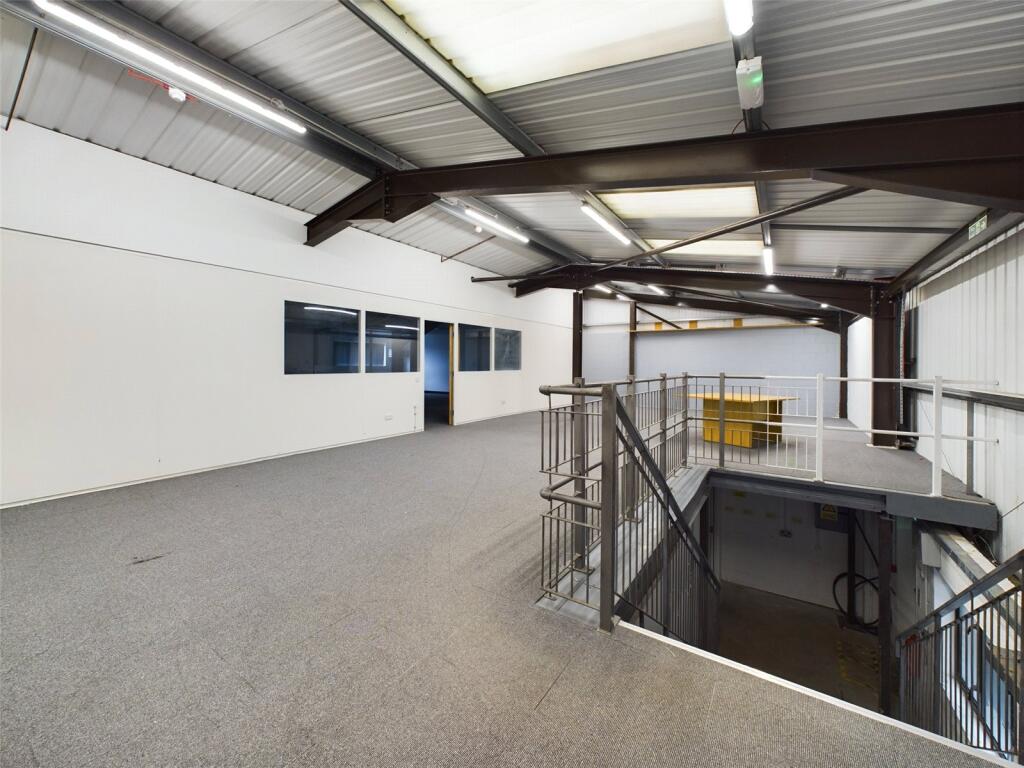 Additional image 15 of Wookey Hole Road, Wells, Somerset, BA5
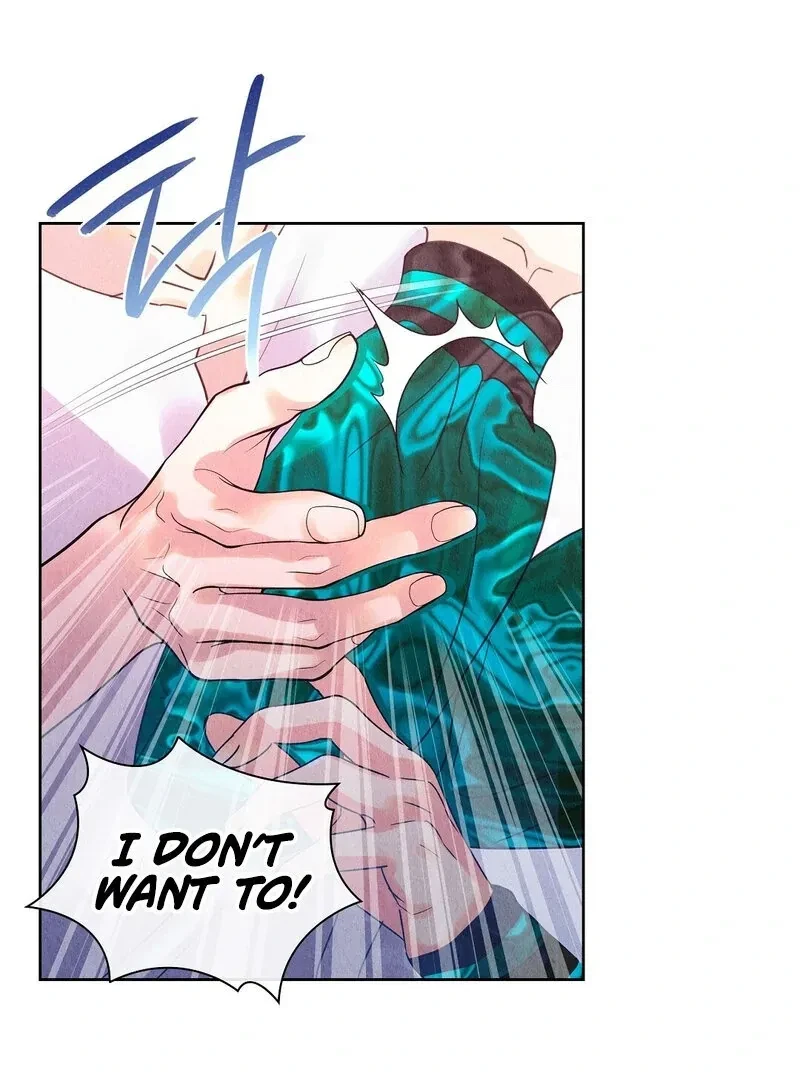 Chapter 12, page 72
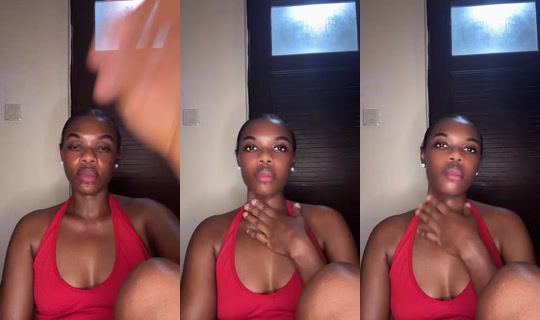 1109199443 Bigo Live — Oct 15, 2026, 10:02 PM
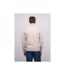 Gilet zippé col montant LAMELVIN-2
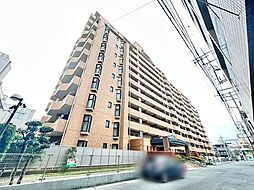 ライオンズプラザ松原団地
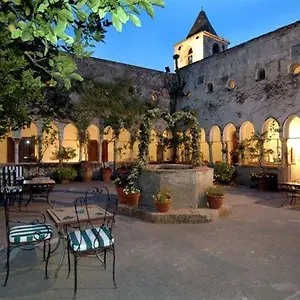 https://luna-convento.hotels-amalfi.com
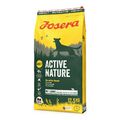 Josera Active Nature 12,5 kg Hundefutter Trockenfutter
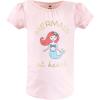 image:imageHudson Baby Baby Short Sleeve TShirtsMagical World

══════════

> [TASK REQUIREMENTS]: Starting at the line that contains "Gilet zippé col montant LAMELVIN-2", write out every line through the end of the entries, both ends included, without any pictures.

> [EXERCISE ANSWER]:
 Gilet zippé col montant LAMELVIN-2
 ライオンズプラザ松原団地
 https://luna-convento.hotels-amalfi.com
 Josera Active Nature 12,5 kg Hundefutter Trockenfutter
 image:imageHudson Baby Baby Short Sleeve TShirtsMagical World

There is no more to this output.